Indeed, inspired by a call from US Science Advisor John H. Marburger III, an entire new
funding program began in 2006 at NSF—Science of Science and Innovation Policy
(SciSIP)—whose charge it was to fund science and innovation policy research. Such
research aims to deliver empirical information to policy makers (e.g., politicians, funding
agencies, and administrative scientists) in their effort to make more efficient and
informative decisions about funding science, especially transformative and innovative
science.
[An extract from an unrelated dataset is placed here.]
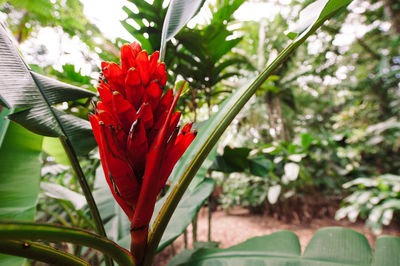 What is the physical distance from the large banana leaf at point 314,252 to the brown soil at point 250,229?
159cm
Moreover, transformational research was added to the NSF merit review criteria
in 2009, but similar concepts (research that is potentially transformative, high-risk,
innovative, or that might in the most favorable cases lead to discoveries that extend to
other fields of science) have been identified as important funding criteria for at least the
last quarter century.
The definition of transformative research has generally been vague (to the point
that defining the term was identified as a goal in the H.R. 5116--111th Congress:
America COMPETES Reauthorization Act of 2010) but always implies the
intensification of change in science. I do not think it would be controversial to contend
that work that starts a new branch of science, or that fundamentally changes an existing
one, should be considered transformative.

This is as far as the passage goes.